Listed records =>
☆ ☆ ☆ ☆

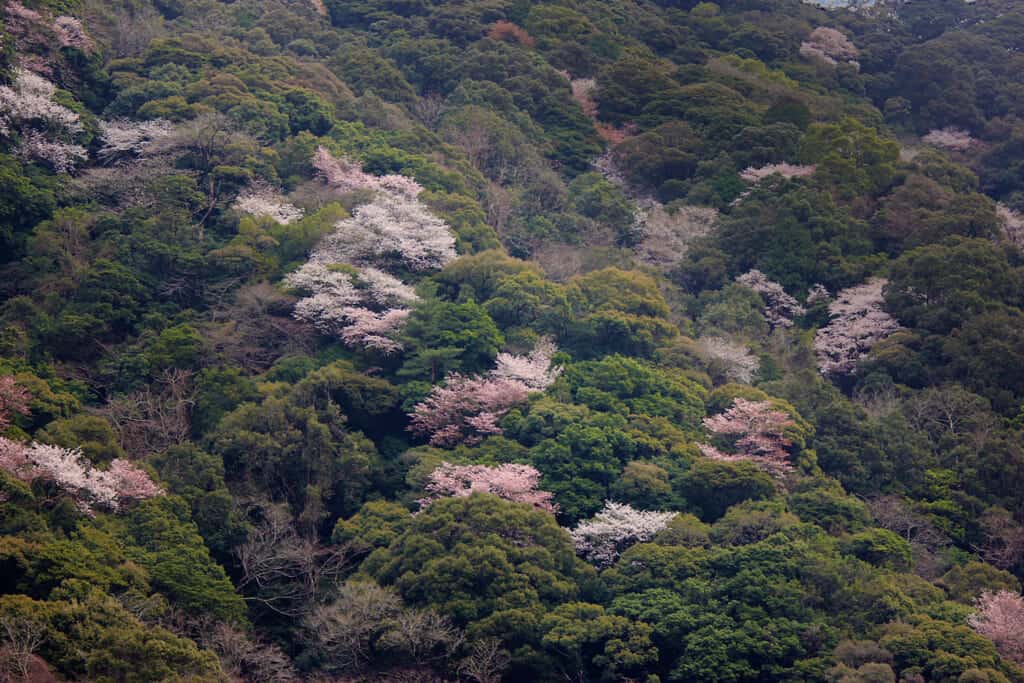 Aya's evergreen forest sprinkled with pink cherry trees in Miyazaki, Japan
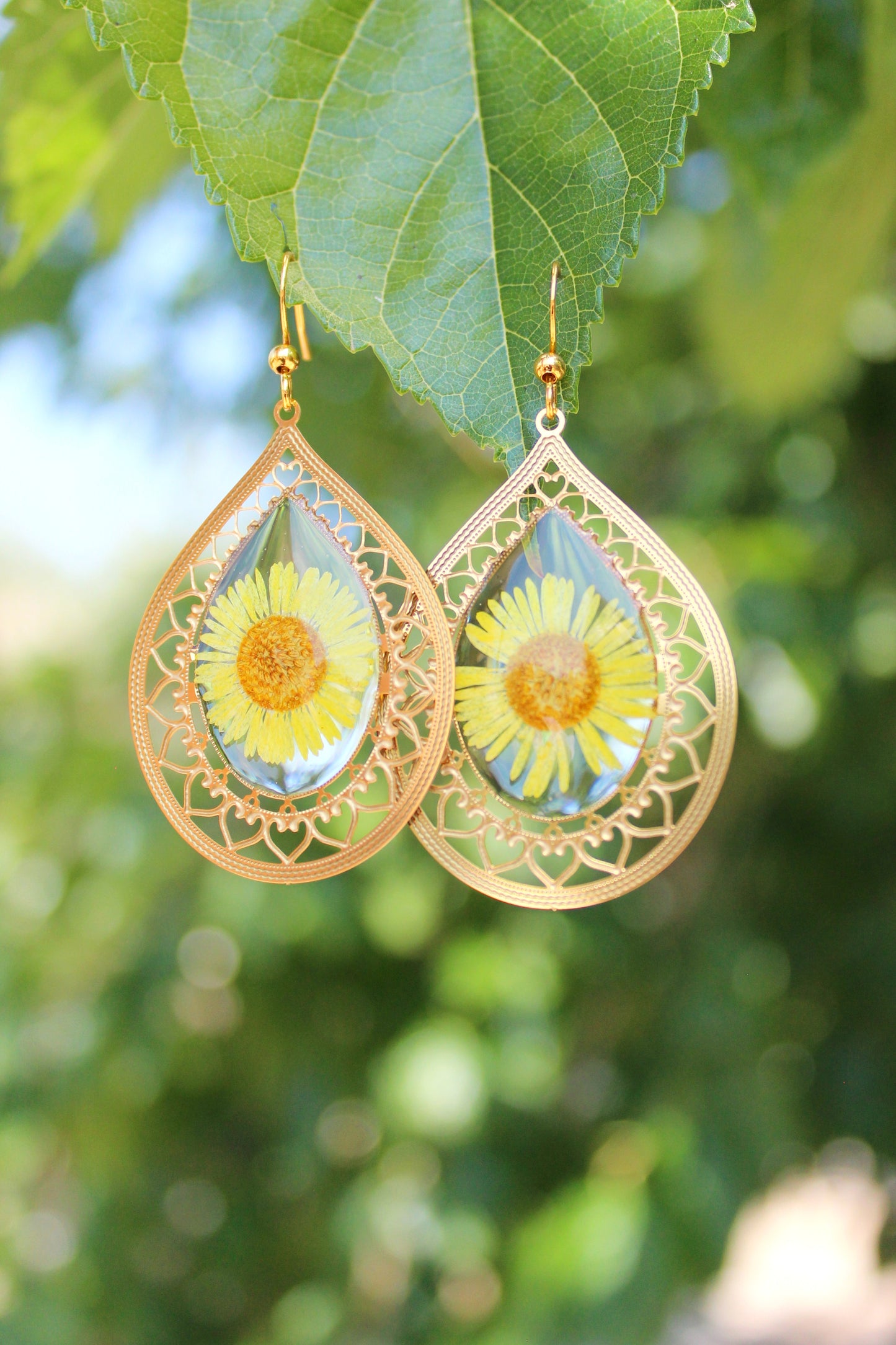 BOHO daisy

☆ ☆ ☆ ☆

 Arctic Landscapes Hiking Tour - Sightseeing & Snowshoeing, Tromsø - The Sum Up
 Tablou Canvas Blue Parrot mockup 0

☆ ☆ ☆ ☆

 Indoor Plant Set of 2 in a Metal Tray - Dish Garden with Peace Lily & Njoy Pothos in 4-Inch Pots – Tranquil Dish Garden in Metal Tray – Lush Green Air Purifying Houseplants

☆ ☆ ☆ ☆

Beginning with the line that has "Arctic Landscapes Hiking" and ending with the line that has "Tablou Canvas Blue Parrot mockup 0", set down the lines above exactly and include no others.

 Arctic Landscapes Hiking Tour - Sightseeing & Snowshoeing, Tromsø - The Sum Up
 Tablou Canvas Blue Parrot mockup 0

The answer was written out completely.